Why You Should Fix Your Tax Season Workflow Now
With the 2022 tax season behind us, now is the perfect time to start proactively planning for next year. Starting now allows firms maximum time to ensure their management practices are up to date and efficient. Firm managers must learn from their previous mistakes and implement adequate solutions. For accountants, tax season is stressful, requiring long hours and heavy workloads. There is no need to add the additional stressors of an inefficient workflow and poor communication. Begin working now to reduce and mitigate issues plaguing your firm before next January.
Ensure Workflow Efficiency
The integrity and functionality of workflows are vital throughout the tax season to ensure all tasks are completed efficiently and without errors. Optimized workflows can be a powerful tool, but there is no one-size-fits-all approach. Different firms have different needs, so it is critical to tailor workflows to your specific requirements. Without workflow efficiency, you may sacrifice the quality and timeliness of work, putting you at risk of falling behind your competitors.
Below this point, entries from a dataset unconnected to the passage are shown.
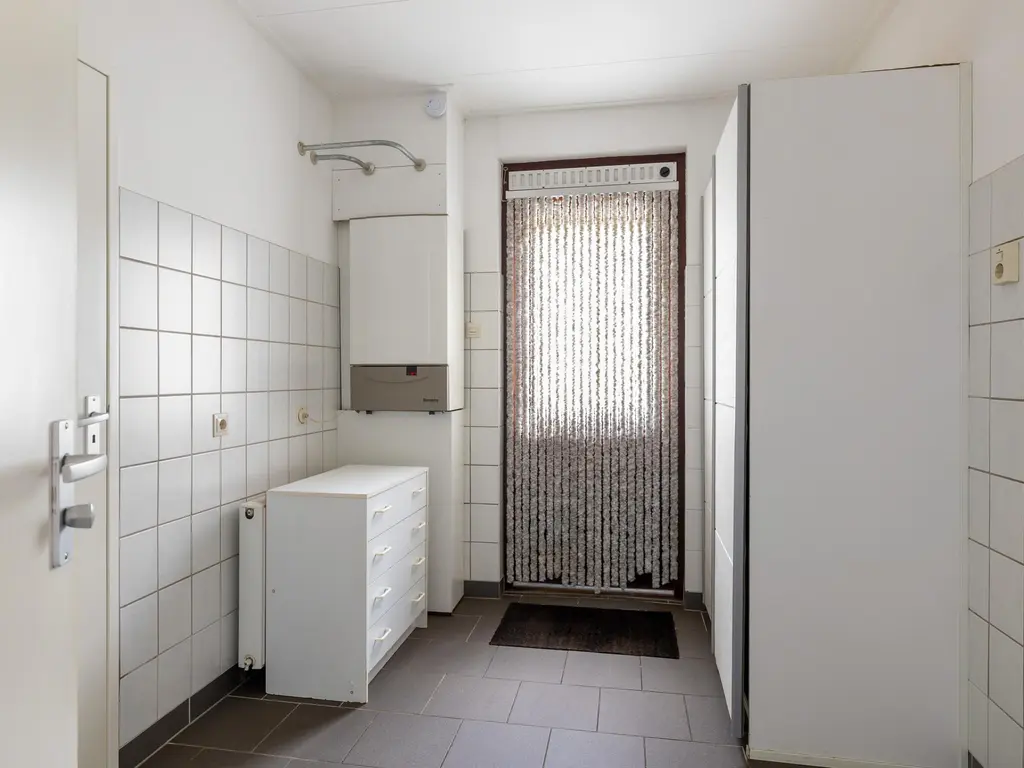 Oosteinde 32a, WAARDER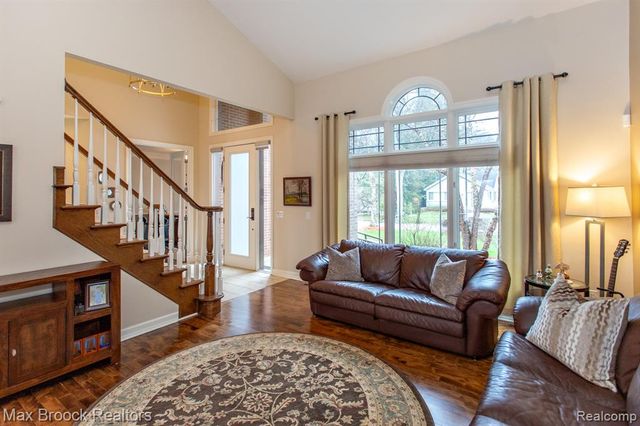 7080 Colony Drive, West Bloomfield, MI 48323
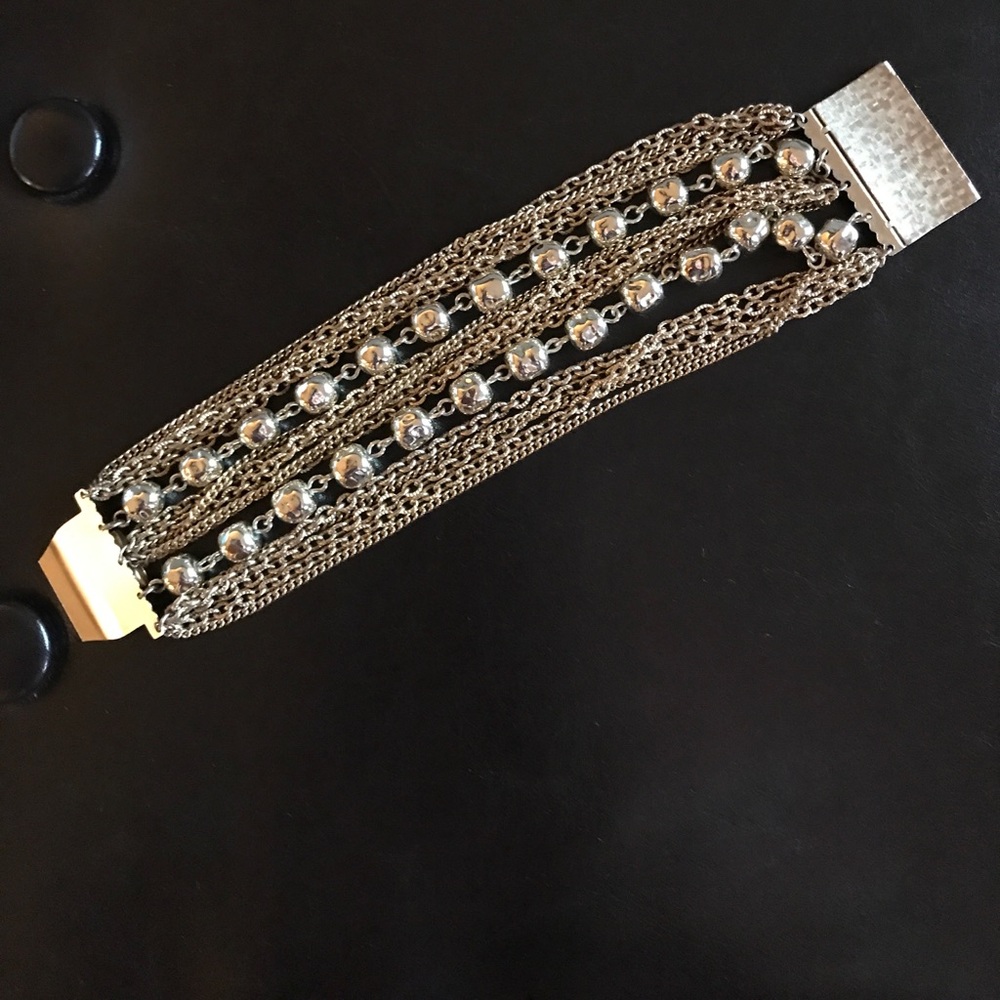 Gold tone vintage chain bracelet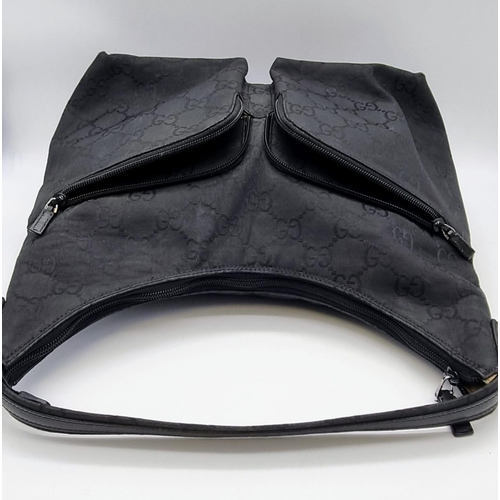 183 - A GUCCI bag with two external pockets, with original protective cloth bag. Appr. dimensions: 30 x 13... 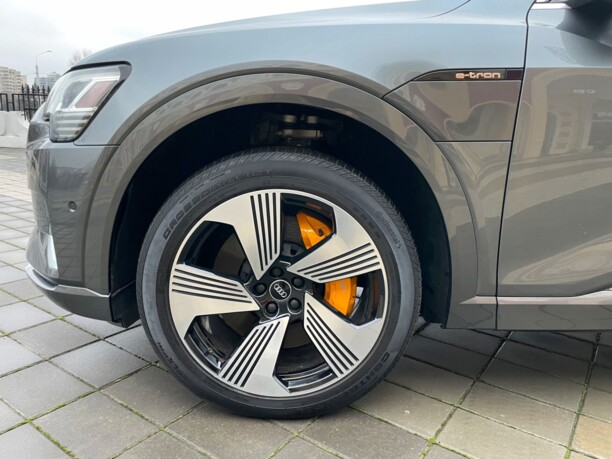 Audi e-tron, 2019 г.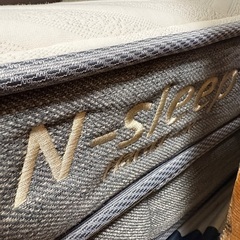 ダブルベッド　マットレス＋フレーム(ニトリN-sleep)の画像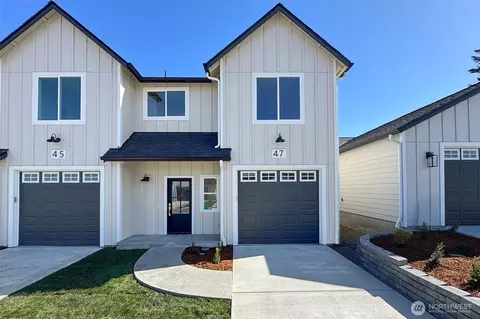 47 Sussex Ct #18, Sequim, WA 98382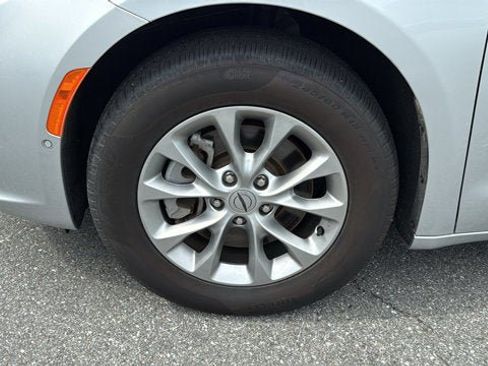 Certified 2024 Chrysler Pacifica Touring-L AWD/4WD image 11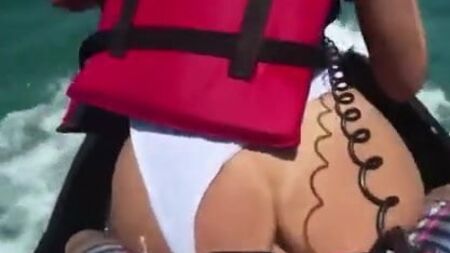 アラバでのジェットスキー・セックス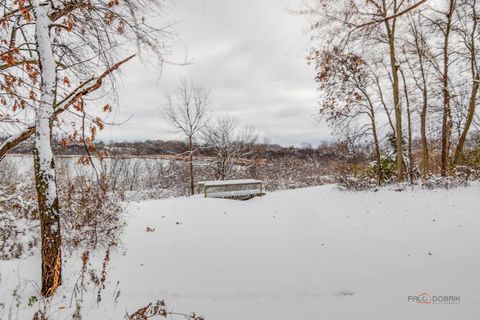 Tiny photo for 186 N Crooked Lake Lane, Lindenhurst, IL 60046 (MLS # 12519133)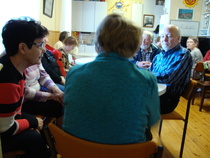 Ystävänpäivän viettäjiä Vartsalan työväentalolla 14.2.17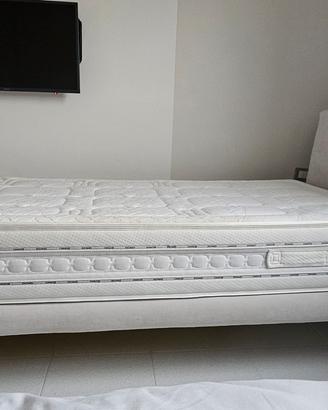Letto singolo con materasso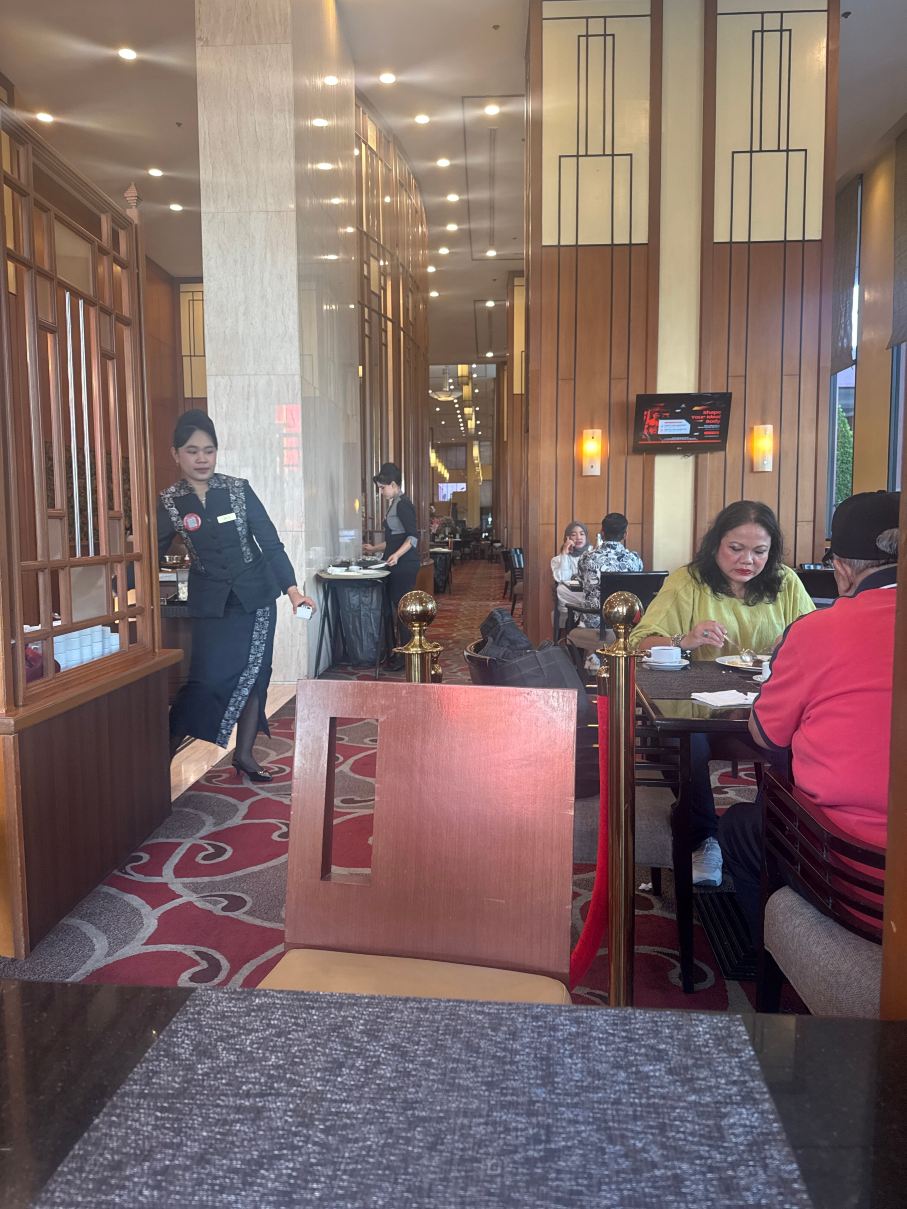 雷德托普酒店-旅行者
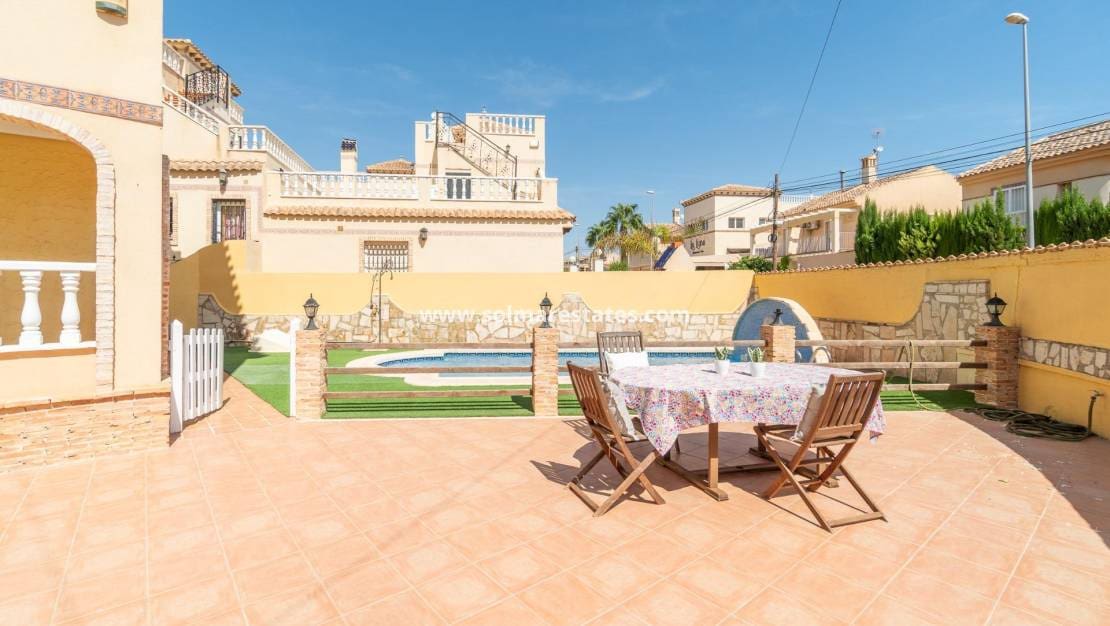 5 soveværelse Villa til salg i Playa Flamenca med swimmingpool - € 350.000 (Ref: 8900512)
The first step to establishing efficient workflows is to analyze the current systems in place. Ask yourself: Were last year’s workflows efficient? Has employee turnover from the previous year affected standard workflows? Then, evaluate your options. Test your ideas under different conditions. What happens when an employee is out sick? What happens if a sudden shift to remote work is required?
Ensure workflows are robust and do not grind to a halt under any conditions, both plausible and implausible. If the last two years have taught us anything, it’s that situations once believed to be highly unlikely may occur again.
Once all testing is completed, have fresh eyes evaluate the workflow on paper or in review sessions. Make sure whoever evaluates the plan is not shy and is willing to give their honest thoughts. During this process, it is essential to note any signs that indicate workflows need to be revamped.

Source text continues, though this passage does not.